The following text contains remarks I planned to make at the public comment section of the DPS Board of Education Meeting on November 26, 2012. Board President, Mary Seawell, decreed that my colleague and I would not be allowed to speak because we are not a part of the group that came to speak about the North High co-location nor the active teacher group that has been granted the opportunity to voice their concerns.

–Mary T. Sam, Retired DPS Teacher and Community Activist

To the DPS Superintendent and Board of Education:

I am speaking to you tonight to ask you to cease and desist using the School Performance Framework (SPF) to appear as if you are successfully educating children of color. As I watched a board meeting I heard a request for $500,000 to pay a consultant to create this document full of skewed, massaged, and spun data–designed to make people believe that a DSST Green Valley Ranch High School can compare to Steck Elementary, to make stake holders believe that you are truly closing the achievement gap–that KIPP, DSST, and Strive (aka West Denver Prep), are stellar charter schools.

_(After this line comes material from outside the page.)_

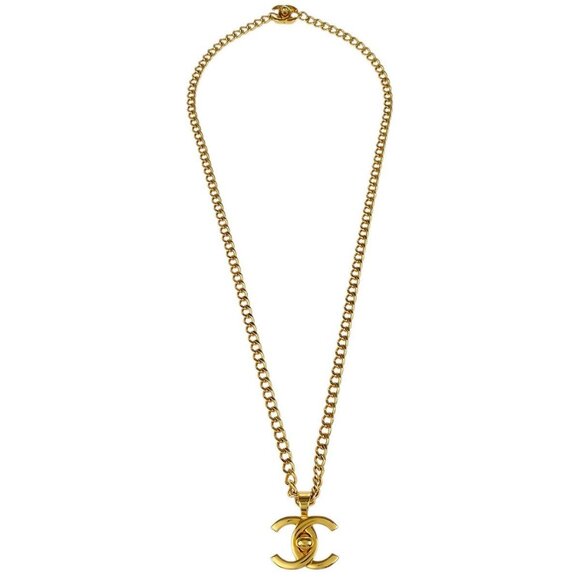 Chanel Chain Necklace Pendant Turnlock Gold 96P - Picture 1 of 4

I have put together a chart that compares the raw achievement data to the SPF rankings for various schools, and it is clear by your rankings that you do not believe that children of color can learn. It is not okay for you to tell stake holders that a school is distinguished when only 70% of its students read at grade level, only 60% can do grade level math, and only half of its students are proficient writers. You cannot tell me that that school, DSST GVR High, deserves a higher ranking than a school where 100% of 3rd graders, 96% of 4th graders, and 100% of 5th graders are proficient readers–where the lowest proficiency rate in any subject or grade is 96. Perhaps you do not understand that my black stake holders expect that kind of achievement for our children, that we can live with 80% proficiency rates that trend up, but we are dismayed to find out that you believe that 51% proficiency in our schools meets anyone’s expectations.

Mary Sam’s chart, page 1 (click to expand)

Mary Sam’s chart, page 2 (click to expand)

I understand that on the SPF you only compare schools to schools that have similar demographics. That means that you have put minority kids in a whole separate category, which thwarts the purpose of closing the achievement gap. You are running two separate and unequal parallel universes within DPS, while comparing them on the SPF as if they are one. That would be a $500,000 lie. Then you show the SPF to our local leaders to prove to them that your so-called reforms are working. When given the raw data in comparison they recognize the lie.

Your so-called reforms have been in place since the inception of the Denver Plan in 2005. You have had seven years to improve our schools. You have fired some of the best and brightest of my colleagues, most of them older, many of them black. You have filled our struggling schools with the inexperienced, you have taken away union representation under the guise of innovation. You try to hide the failure by talking about growth.

My solution? Start talking about status, stop firing your teachers–start talking to them. Ask the people (the teachers) who matter most in a child’s educational life what they need to succeed, and then give it to them. Keep our neighborhood schools intact–and watch what happens.

I realize Ms. Sam’s words might sound a bit out of context or even harsh to some, but they ARE the truth. You keep hearing the district hide behind numbers like “median growth percentile,” which is a calculation based on all kids that are of like ethnicity and socioeconomic status. Instead, what we really need to see is the growth of a student every year, balanced against what “grade level” proficiency means. What we also need to see is an average of all the student growth for a school building. That would be more meaningful.

The reality is that our college remediation rates (the rate of first-year college students who take a remedial course) have in fact skyrocketed, we’ve really made no significant progress on the graduation rate, the school choice process is a nightmare for even the most savvy parents, and the only cure the district can come up with is more charter schools and more co-locations.

As I said at last night’s board meeting, accountability starts from the top. There are seven people who can put a stop to this snowballing failure, and those are the board members who have the power to discipline, hire or fire the Superintendent. Three of us will be up for reelection next November, and one seat will come open.

Hold us accountable, Denver. Hold us accountable.